The whole listing is to be restated, character for character.

- **PROVIDED MATERIAL**:
——
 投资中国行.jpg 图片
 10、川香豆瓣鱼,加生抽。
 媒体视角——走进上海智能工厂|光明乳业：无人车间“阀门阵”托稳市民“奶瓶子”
——
- **EXERCISE OUTPUT**:
 投资中国行.jpg 图片
 10、川香豆瓣鱼,加生抽。
 媒体视角——走进上海智能工厂|光明乳业：无人车间“阀门阵”托稳市民“奶瓶子”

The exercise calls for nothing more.